- PROBLEM DESCRIPTION: Starting at the line holding "MI license plate DKO4153" and finishing at the line holding "첼시 축구장패드 유니폼", transcribe the material exactly, keeping both ends but no pictures.

===== DATA SHOWN

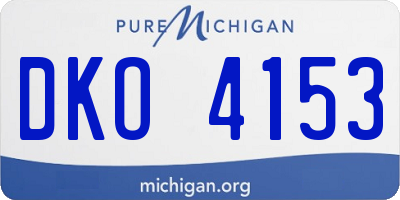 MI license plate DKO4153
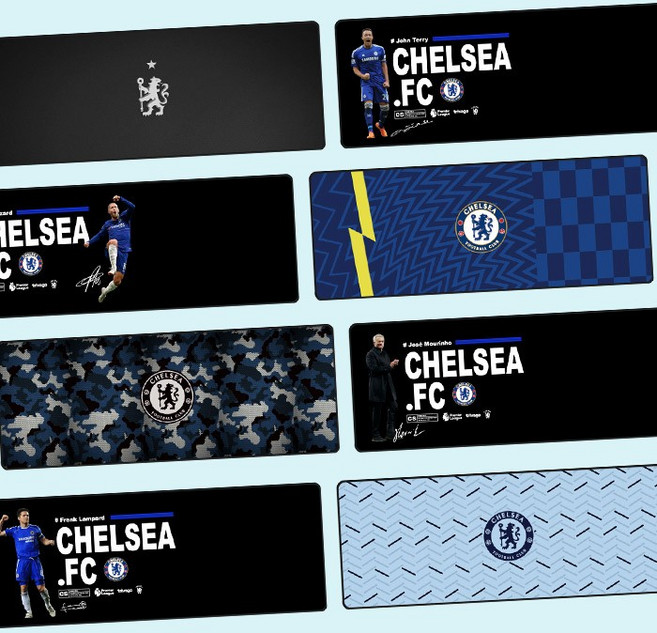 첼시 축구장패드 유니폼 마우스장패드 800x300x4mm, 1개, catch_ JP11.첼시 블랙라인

==========
===== DATA SHOWN

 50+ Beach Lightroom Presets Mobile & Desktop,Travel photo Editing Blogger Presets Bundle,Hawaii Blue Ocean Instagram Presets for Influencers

==========

- ANSWER TO THE EXERCISE:
 MI license plate DKO4153
 첼시 축구장패드 유니폼 마우스장패드 800x300x4mm, 1개, catch_ JP11.첼시 블랙라인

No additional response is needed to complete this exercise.